**PROBLEM DESCRIPTION:** Return the data exactly, but only from the line containing "Boho Flerlags Perle Statement Sett" through its last line.

******

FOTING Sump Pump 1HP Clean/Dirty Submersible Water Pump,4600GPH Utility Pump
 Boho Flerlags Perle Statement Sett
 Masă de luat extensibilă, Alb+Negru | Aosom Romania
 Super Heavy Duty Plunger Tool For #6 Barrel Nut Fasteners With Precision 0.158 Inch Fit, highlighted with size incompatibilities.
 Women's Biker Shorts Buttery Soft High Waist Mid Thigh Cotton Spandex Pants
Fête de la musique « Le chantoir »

******

**SOLUTION TO THIS EXERCISE:**
 Boho Flerlags Perle Statement Sett
 Masă de luat extensibilă, Alb+Negru | Aosom Romania
 Super Heavy Duty Plunger Tool For #6 Barrel Nut Fasteners With Precision 0.158 Inch Fit, highlighted with size incompatibilities.
 Women's Biker Shorts Buttery Soft High Waist Mid Thigh Cotton Spandex Pants
Fête de la musique « Le chantoir »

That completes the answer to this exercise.